The UK’s highest court will today hear appeals from two separate challenges to Boris Johnson’s decision to suspend Parliament.
Those who brought the legal challenges said prorogation was in order to prevent Parliament scrutinising the UK’s exit from the European Union on October 31.
However the Prime Minister said the five-week suspension was to allow the government to set out its agenda when MPs return on October 14.
The Supreme Court will sit as a panel of 11 justices for only the second time in its 10-year history, and must reconcile contradictory rulings from the English and Scottish courts.
The High Court in London dismissed an earlier challenge to the suspension of Parliament and described it as “not a matter for the courts”.
However on the same day the Inner House of the Court of Session in Edinburgh ruled Mr Johnson’s actions were unlawful because “it was motivated by the improper purpose of stymying Parliament”.

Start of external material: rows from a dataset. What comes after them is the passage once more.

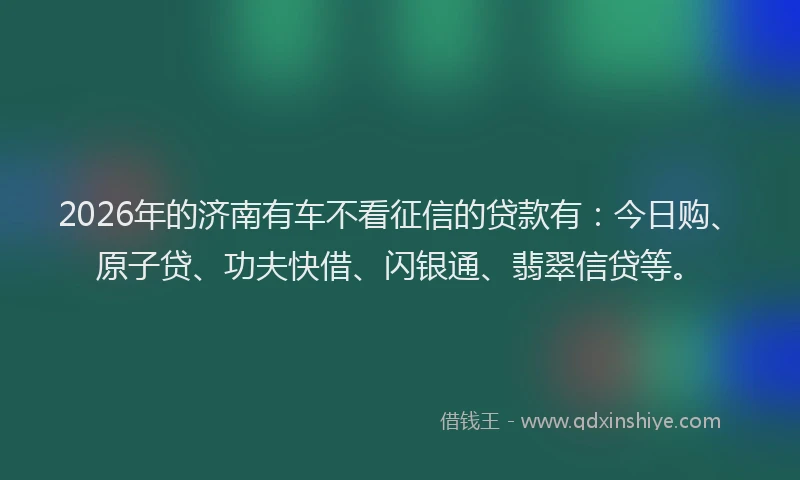 2026年的济南有车不看征信的贷款有：今日购、原子贷、功夫快借、闪银通、翡翠信贷等。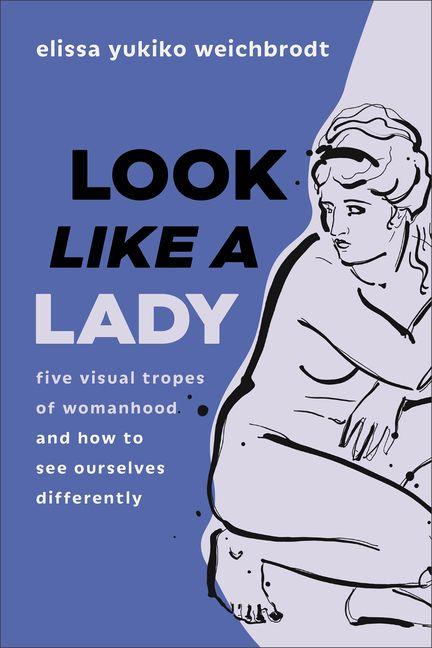 Look Like a Lady
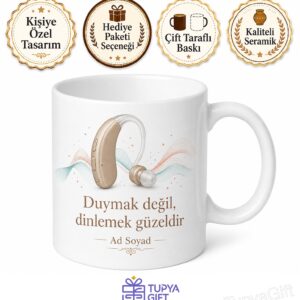 İşitme Cihazı Kullananlara Özel Tasarım Kupa Bardak İşitme Kaybı Temalı Hediye
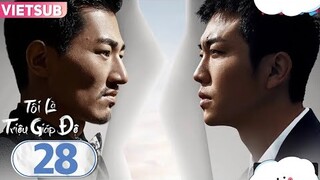 Tôi Là Triệu Giáp Đệ - Tập 28 [Vietsub] Phim Trung Quốc Hay 2022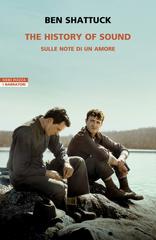 Ben Shattuck – The history of sound. Sulle note di un amore (2026)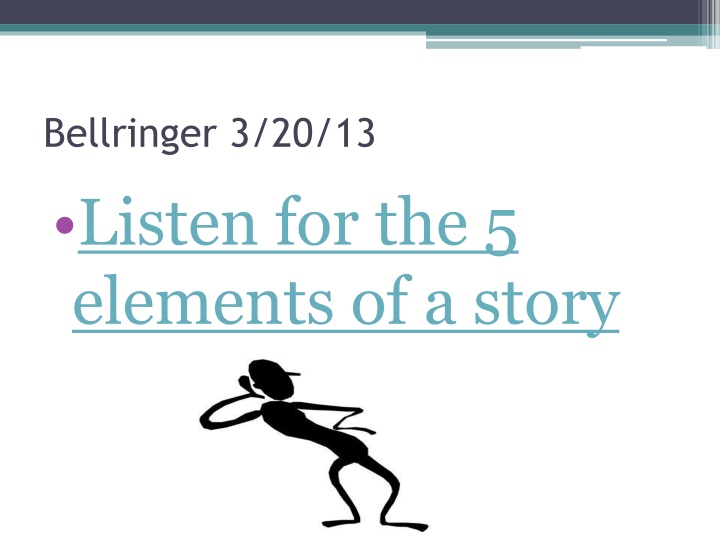 bellringer 3 20 13 listen for the 5 elements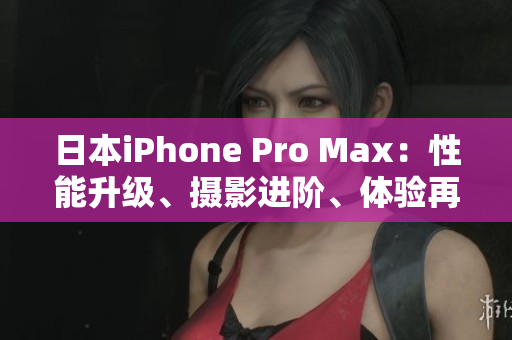 日本iPhone Pro Max：性能升级、摄影进阶、体验再升级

Scotland’s most senior judge, Lord Carloway, said: “The circumstances demonstrate that the true reason for the prorogation is to reduce the time available for parliamentary scrutiny of Brexit.”
Anti-Brexit campaigner Gina Miller brought the unsuccessful English challenge, and said Mr Johnson was guilty of a “classic power-grab”.
“The precedent Mr Johnson will set - if this is allowed to stand - is terrifying: any Prime Minister trying to push through a policy that is unpopular in the House and in the country at large would from now on simply be able to resort to prorogation,” she said.
The Supreme Court will hear submissions from Tuesday to Thursday, but it is not clear when it will hand down its ruling.